8 yıllık bir fabrikanın “Biz yeniyiz, iş bitirme belgemiz yok” diyerek verdiği taahhütleri unutması çok ilginçtir. Kaldı ki Hyundai Eurotem 8 yıl içinde ihalelere girerek yaklaşık 1000 raylı ulaşım aracının satışını gerçekleştirerek yaklaşık 2 milyar USD gelir sağladı.
Alstom firması Güney Afrika’da 7 yıl içinde %65 olan yerlik oranı şartını %69 yerlilik yaparak daha da artırdı. Onlar taahhütlerine uydu, hatta daha fazlasını gerçekleştirdi. Eurotem firması 8 yılda %10 yerliliği bile gerçekleştiremedi ve sınıfta kaldı.
Bu bahaneden daha ziyade Eurotem, şu ana kadar hiçbir ihalenin şartnamesinde “Yerli oranı şu kadar olacak” diye bir şart yazılmadığından rahat hareket etmiş, işlerine gelmiş ve Güney Kore’den araçları ve parçalarını getirmiştir. Bunda haklılar, bizim şimdiye kadar yerli üretimde bir devlet politikamız olmadığından ihaleye giren herkes bundan faydalandı. Ama bu, taahhütlerini yerine getirmeyecekleri anlamını taşımaz.

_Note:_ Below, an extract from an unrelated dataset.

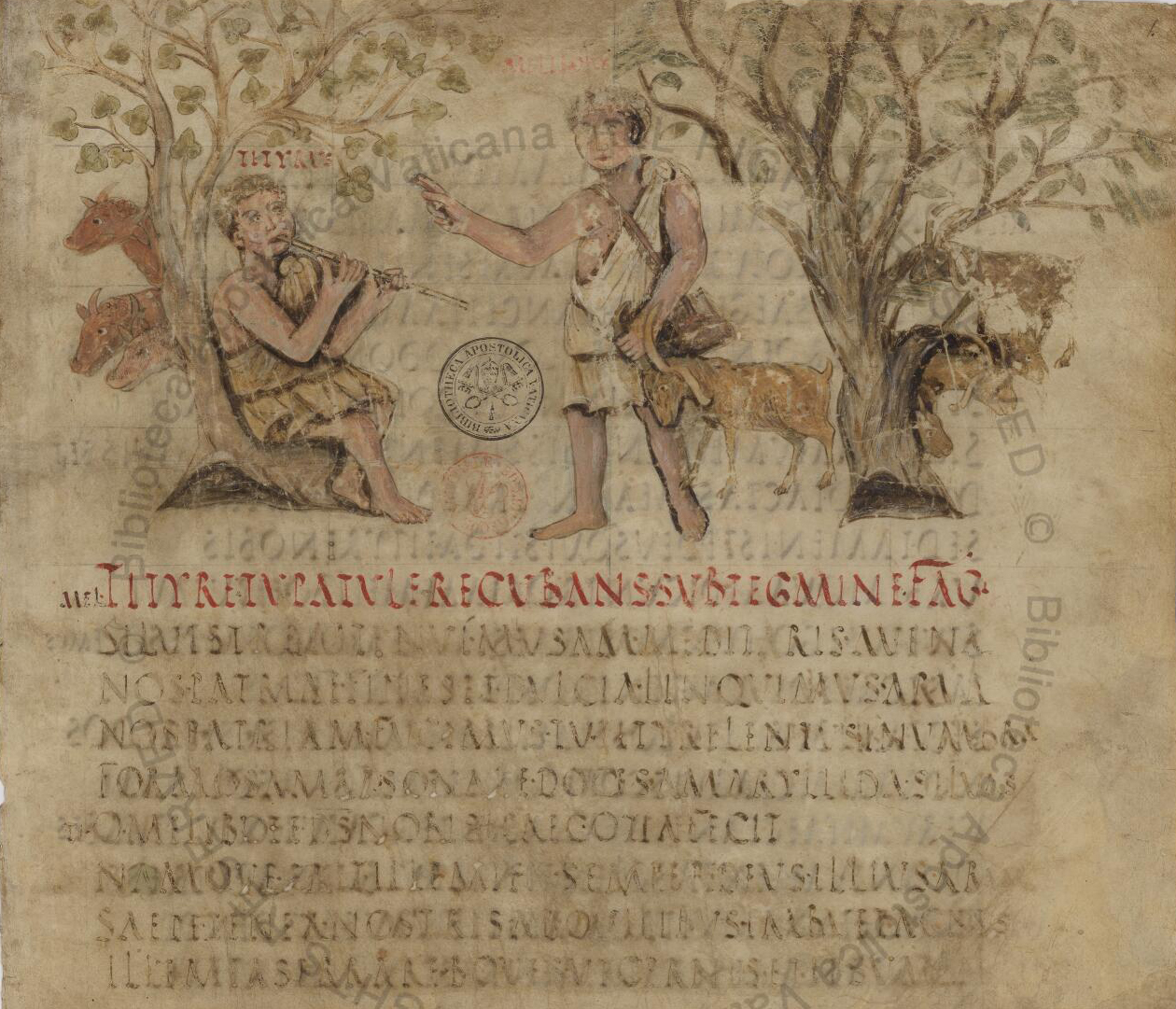 Finished the Eclogues in Rome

Eurotem’in, taahhütlerini yerine getirmesi için yerli firmalara iş vermesi ve onları çalıştırması gerekirdi. Şimdi yerli üretimde bir devlet politikamız oluştu. Yerli malı tebliği çıktı. Bilim, Sanayi ve Teknoloji Bakanlığı Sanayi İşbirliği Programı (Yerli Üretim Desteği) çıkardı. Çok yakında kanunlaşarak hizmete girecek. İşte o zaman kimse şartnamelerde “Yerlilik oranı yoktu” bahanesinin altına sığınamayacak.
Bakın son günlerde Alstom, Siemens ve Bombardier gibi büyük firmalar Türkiye’de en az %51 yerli katkı şartı için yerli ortak ve OSB’lerde yer aramaya başladı. Bundan sonra Türkiye’de hiçbir ihalede en az %51 yerli katkı şartı olmadan anlaşma yapılmayacak.